ISIL is among the many players in the Middle East who take advantage of this American naiveté. The first and foremost player is the Iranians who tactically support Iraq's Shiite militias (not the regular army) who have reportedly taken over Tikrit. This means that the northern half of Iraq is being virtually taken over by Iran. Now it is crystal clear who lost Iraq. Unfortunately, this is not the end of the tragedy.

For Israel, this kind of American inertia is a nightmare, too. If they believe they cannot rely 100% on their bilateral alliance with the United States, the Israelis must react on their own. That's why Prime Minister Benjamin Netanyahu broke the taboo of visiting Washington D.C. last March to give a speech in Congress less than two weeks before general elections at home.

Moreover, Arab nations are playing the same game in different ways.

In Bahrain four years ago, Saudi Arabia and its Gulf Cooperation Council (GCC) allies deployed 'Peninsula Shield Force' troops to Manama, accusing Iran of backing opposition from the Shiite majority against the Sunni monarchy. At that time President Obama just said that he was "deeply concerned" by the violence, while U.S. Secretary of State Hillary Clinton only urged restraint.

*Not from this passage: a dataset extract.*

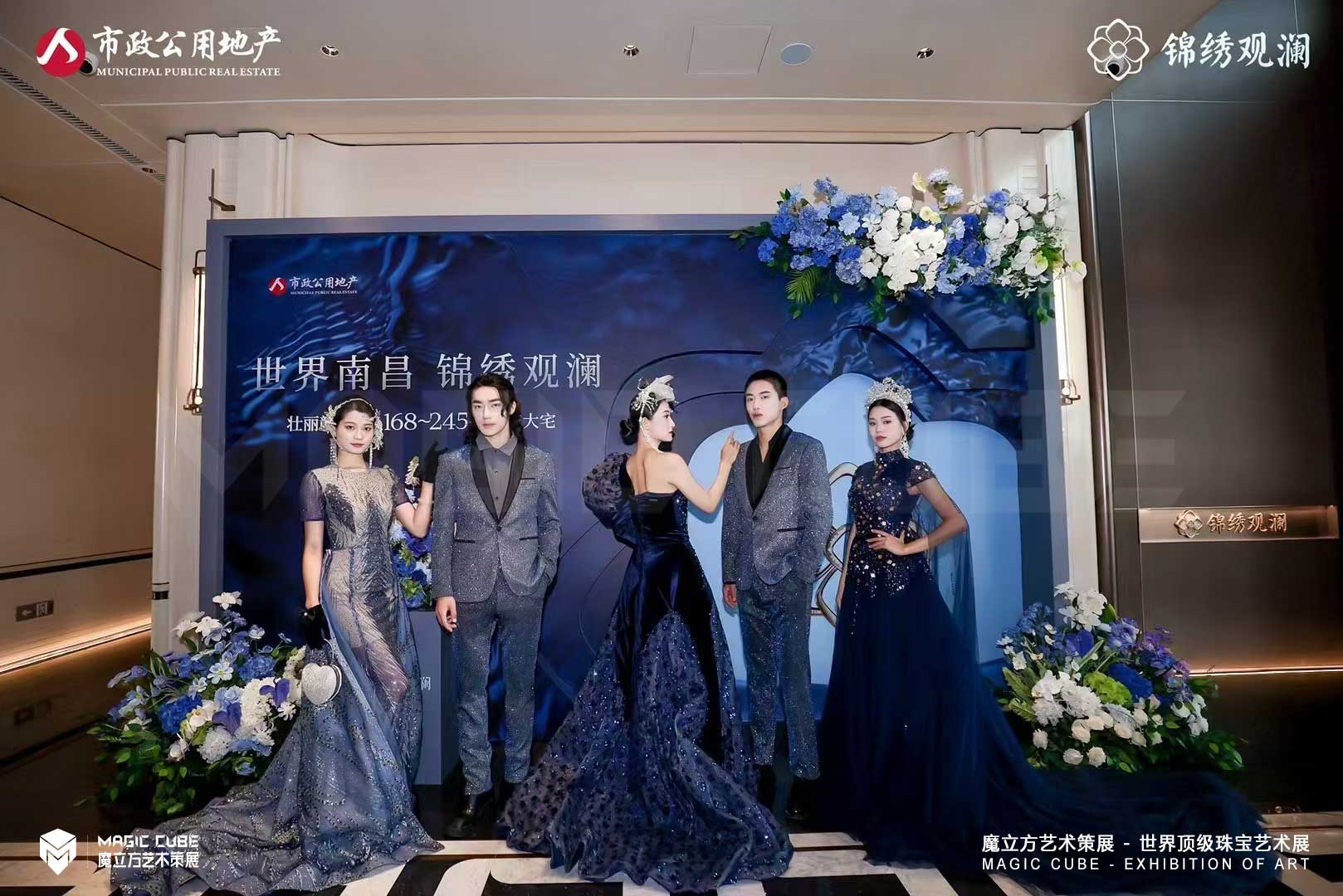 江西南昌BVLGARI宝格丽珠宝展
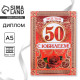 Диплом «С Юбилеем 50 лет», А5, 15×21 см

The new king of Saudi Arabia did not seek U.S. consent for the bombing campaign in Yemen. The Saudis, Egyptians and other Sunni Arabs accuse Iran of supporting the movement of the Houthis, a Shiite Islamic tribe in the south-western Arabian Peninsula. In response, the Obama administration only withdrew U.S. special operations units from Yemen.

In a nutshell, key players in the Middle East, from ISIL to Israel, Egypt, Saudi Arabia and even the Houthis, all seem to have realized that the Obama administration is not willing to act decisively, and that each one of them must react on their own to the rapidly changing politico-military environment in their neighborhood. Once this kind of phenomenon gets started it is very difficult for anyone to stop.

The Middle East is not alone in coming to this realization. Similar phenomena are taking place on the ground in Eastern Europe and on the water in East Asia. With the absence of American determination, major powers in various parts of the world start playing their own games. These vicious cycles must be stopped now and the status quo maintained.

How long will this go on? Most likely for two more years until January 2017? Can we wait? Or do we have enough time? Nobody seems to know the answers. However, as long as this situation continues, the right and just will be most likely overwhelmed by the wrong and unjust. American foreign policy is now playing a handicapped game, with a much reduced chance of victory.